Toll in attack on Yemen military base rises to at least 76

The death toll in a drone and missile attack on a government military training base in central Yemen rose to at least 76 Sunday, representing an escalation bound to complicate international efforts to end the country’s prolonged war.

>>Saeed Al-Batati and Ben HubbardThe New York Times
Published : 20 Jan 2020, 03:53 AM
Updated : 20 Jan 2020, 03:53 AM

The attack targeted soldiers gathered Saturday near a mosque in the central province of Mareb before evening prayers. Abdu Abdullah Majali, a spokesman for the Yemeni Army, which is backed by Saudi Arabia, provided the new death toll and said at least 81 people were wounded.

But Yemen’s foreign minister, Mohammed al-Hadrami, gave a higher toll, saying more than 100 people were killed. He called it a “cowardly terrorist act that violates all religious and human customs and values” in a statement on his ministry’s Twitter feed.

Yemen’s Houthi rebels, who are aligned with Saudi Arabia’s regional rival Iran, did not claim responsibility for the attack. But there are no other forces in the area with a motive to carry it out.

Yemen, the Arab world’s poorest country, has been locked in civil war since the Houthis seized much of the nation’s northwest and its capital, Sana, in 2014. The next year, an Arab military coalition led by Saudi Arabia began launching airstrikes and backing forces on the ground to push back the Houthis and restore the government.

But the war has settled into a stalemate and bred one of the world’s worst humanitarian crises.
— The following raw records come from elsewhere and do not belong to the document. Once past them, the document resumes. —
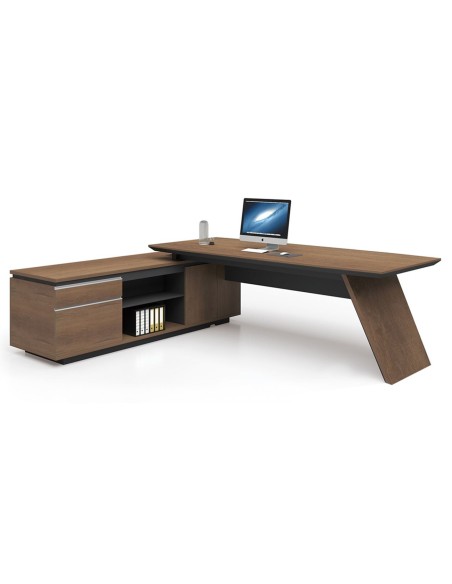 PROLINE Desk Left 200x200cm Wild Oak-Black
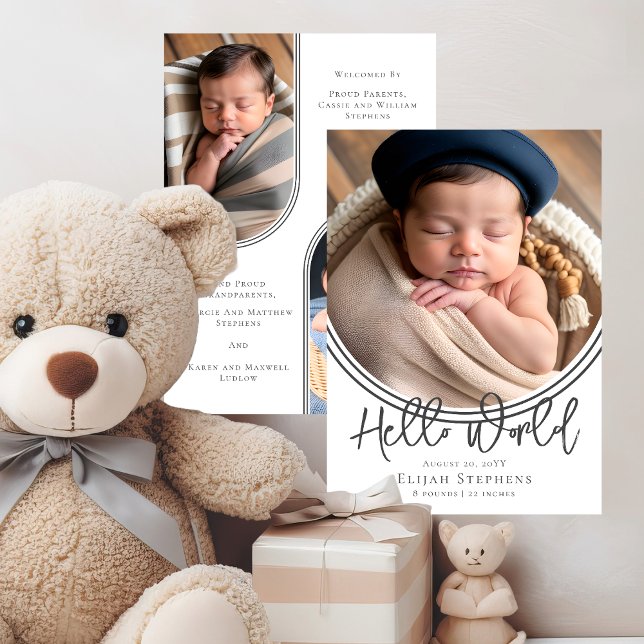 Inverted Arch Hello World Photo Birth Announcement (Simple Minimalist Modern Inverted Arch "Hello World" 3 Photo Birth Announcement)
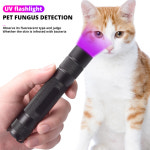 18650 충전식 토치 반려동물 고양이 개 얼룩 소변 감지기 365nm UV 손전등 줌 5W 30W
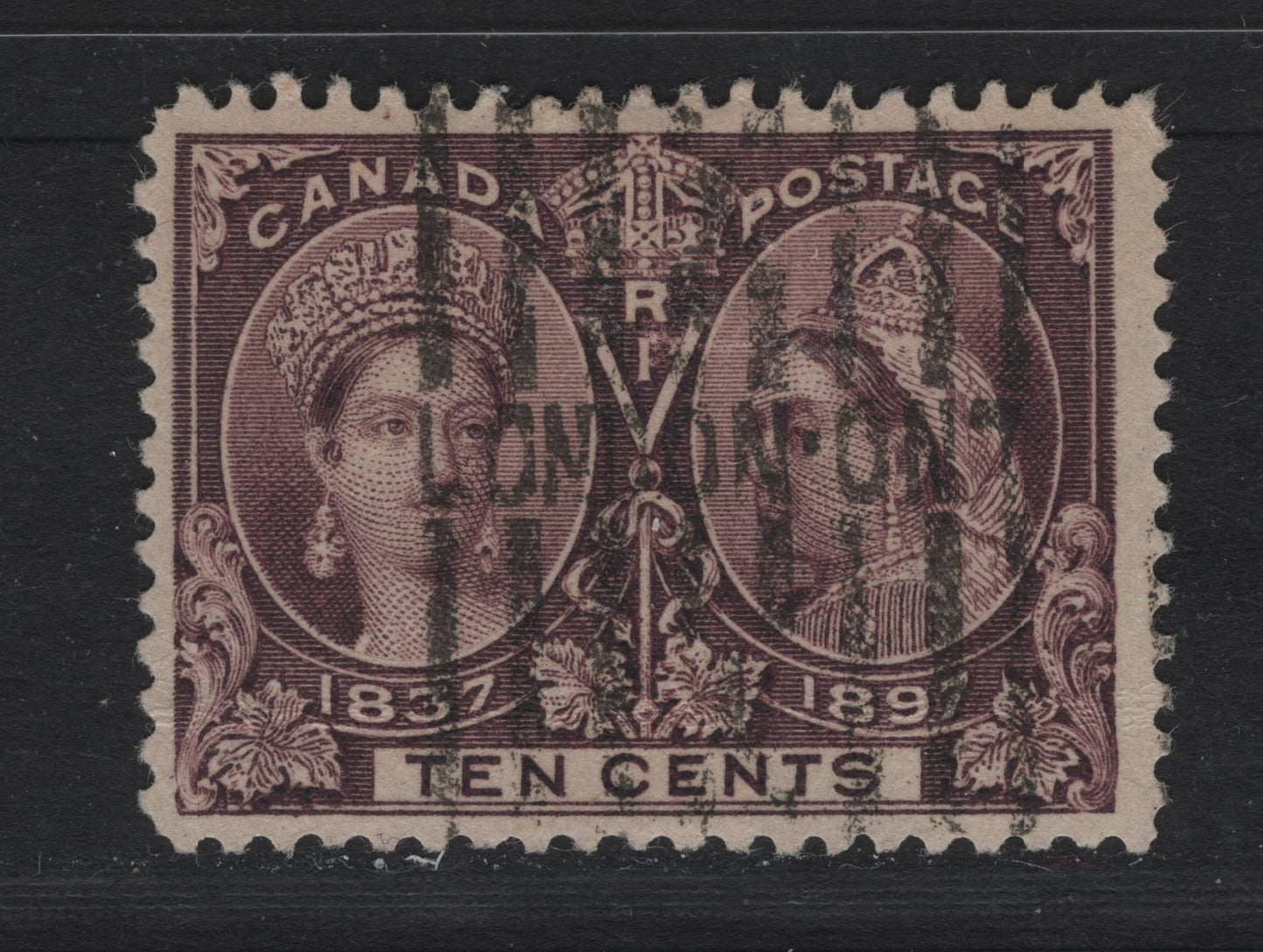 Lot 56 Canada SC#57 10c Deep Brown Violet Queen Victoria, 1897 Diamond Jubilee Issue, A Fine Used Single On ABN-AAAA Paper, Perf. 12, Toronto ON Roller Cancel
More than 10,000 people have been killed, and hunger and diseases like cholera have spread.

International efforts to end the war have made little headway, although United Nations officials have brokered local cease-fires that have brought down the violence in some areas.

The U.N. special envoy for Yemen, Martin Griffiths, condemned the attack and said that it and military escalation elsewhere in the country endanger peacemaking efforts.

“I have said before that the hard–earned progress that Yemen has made on de-escalation is very fragile,” Griffiths said in a statement Sunday. “Such actions can derail this progress. The negotiation tables are more effective than battlefields in resolving the conflict.”

Yemen’s internationally recognised president, Abed Rabbo Mansour Hadi, has spent most of the war exiled in Saudi Arabia, and he called on government forces to be on high alert for further strikes.

The attack “confirms without doubt that the Houthis have no desire for peace,” he said, according to a statement released by the Yemeni state news agency, SABA.